All previous results for establishing basic colour terms in Finnish have
been combined and the established terms, ordered according to their level
of basicness, are presented in Table 7. The current analysis of the combined
results was carried out with the same methods as in the case of basic colour
terms of Estonian (Sutrop 1995, 2000a, 2002). In the list task, the naming
frequency (Fr ≥ 40) and mean position (mp < 8), and in the colour naming
task, the naming frequency (Fr ≥ 130), dominance index (DI 1/2 ≥ 1), and
specificity index (SI > 0.20) are considered, measured against given
numerical values as thresholds which have to be superseded. The salience
index is not included here because it depends on the frequency and mean
position of the term in the list task.
The last column of Table 7 shows the sums of these criteria, the value
of which for one colour term could be from 0 to 5. The higher this number,
the more certain the status of the colour term as basic. In other words, it
shows the terms’ level of basicness.
List task Colour naming task
Term Gloss Fr > 40 Mp < 8 Fr ≥ 130 DI 1/2≥1 SI > 0.2
Sum of
punainen red + + + + + 5
vihreä green + + + + + 5
sininen blue + + + + + 5
musta black + + – + + 4
valkoinen white + + – + + 4
keltainen yellow + + – + + 4
ruskea brown + – + + + 4
oranssi orange + – + + + 4
harmaa grey + – + + + 4
vaaleanpunainen pink + – + + + 4
vaaleansininen light blue + – – + + 3
violetti purple + – + – – 2
liila purple – – – – – 0
turkoosi turquoise – – – – – 0
beige beige – – – – – 0
Table 7. Summary of the results where colour terms are ranged according to the level of
basicness. Fr–naming frequency, mp–mean position, DI–dominance index, SI–
specificity index.
The most salient colour terms in Finnish are punainen ‘red,’ sininen ‘blue’
and vihreä ‘green’ (those terms superseded all 5 thresholds). 4 thresholds
are superseded by the colour terms musta ‘black,’ valkoinen ‘white,’

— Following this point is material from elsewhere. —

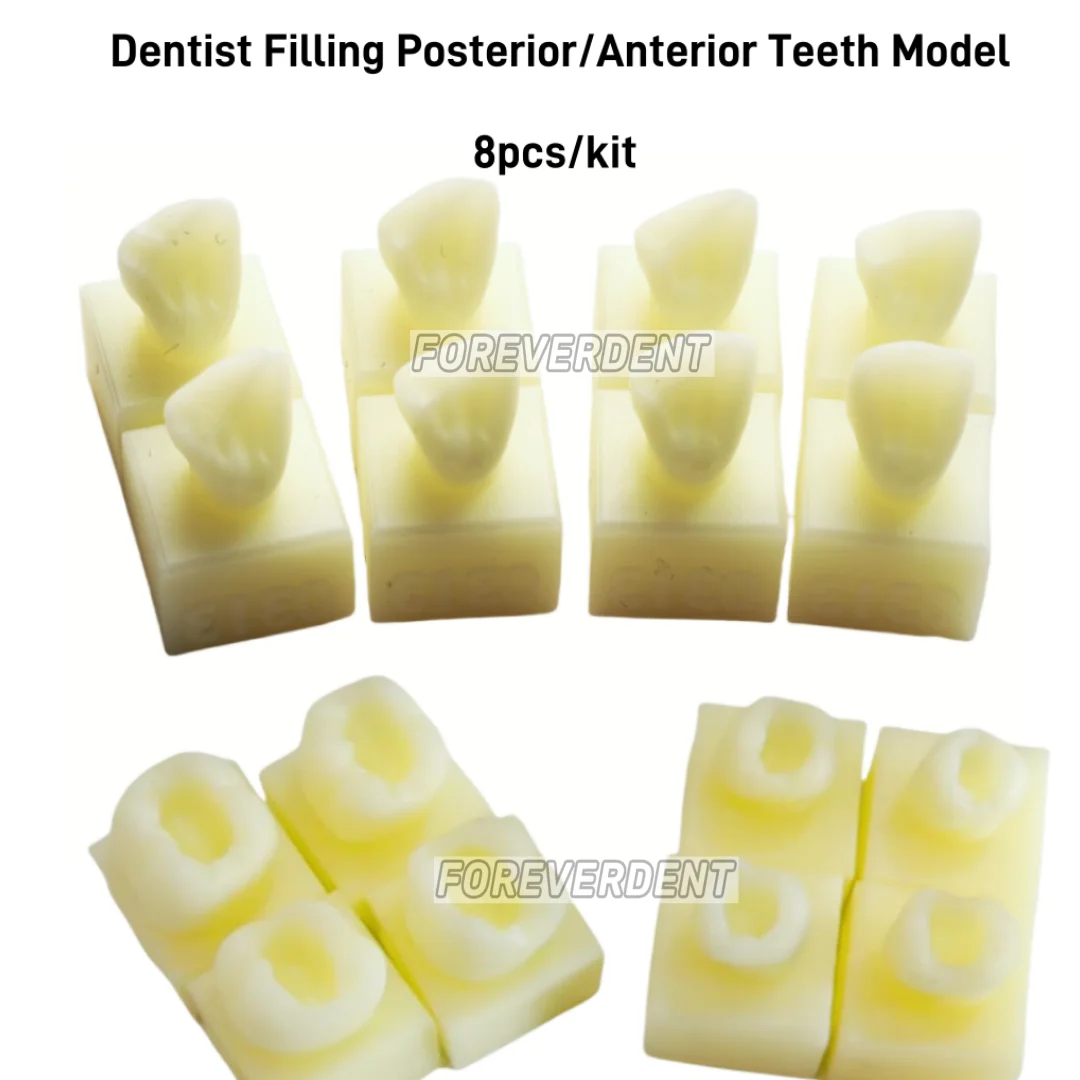 

Dental Anterior Posterior Student Training Test Model Practise Composite Resin Filling Teeth Jaw Dentistry Equipment 8pcs/Kit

keltainen ‘yellow,’ ruskea ‘brown,’ harmaa ‘grey,’ vaaleanpunainen
‘pink,’ and oranssi ‘orange’.
At this point it is relevant to note that oranssi has been adapted to
modern Finnish as a basic colour term, in contrast to what Koski has
proposed (1983: 265). In Finnish, the colour name oranssi does not mean
orange (fruit) as it does in English9. This colour term has been displaced by
another term, appelsiini ‘orange’. There is only one possible reason why
colour term oranssi could not be a basic term according to the criteria of
Berlin and Kay: namely, it is a late loanword borrowed into Finnish in the
early 20th century through Swedish. However, that criterion could be
circumvented, while it is considered only as subsidiary (Berlin and Kay
1969: 6–7).
Before making a final decision about the colour name
vaaleanpunainen ‘pink,’ literally ‘light red’10 Berlin and Kay’s criteria for
basicness should be reconsidered (1969: 5–7). The first criterion by Berlin
and Kay prescribes that a basic term must be monolexemic; that is, its
meaning should not be predictable from the meaning of its parts. Thus,
Finnish vaaleanpunainen (vaalea ‘light’ and punainen ‘red’) being a
compound word, cannot be a basic colour term according to this linguistic
criterion. Nevertheless, its meaning is, indeed, independent from the
meanings of its parts, because there were no subjects who named light red
with this term. Instead, other terms to indicate light red were used, like
heleä punainen ‘light red’. Colour term vaaleanpunainen ‘pink’ also
occurred in such compounds as tumma-vaaleanpunainen ‘dark pink’ and
vaalea-vaaleanpunainen ‘light pink’ which clearly shows that it is thought
as a new concept—pink colour. According to the dictionaries such as
Alanne (1982) or Hurme and Pesonen (1986), vaaleanpunainen in
translated to English only as pink (and vice versa), never as light red,
although the meaning of vaalean- is given as light or pale.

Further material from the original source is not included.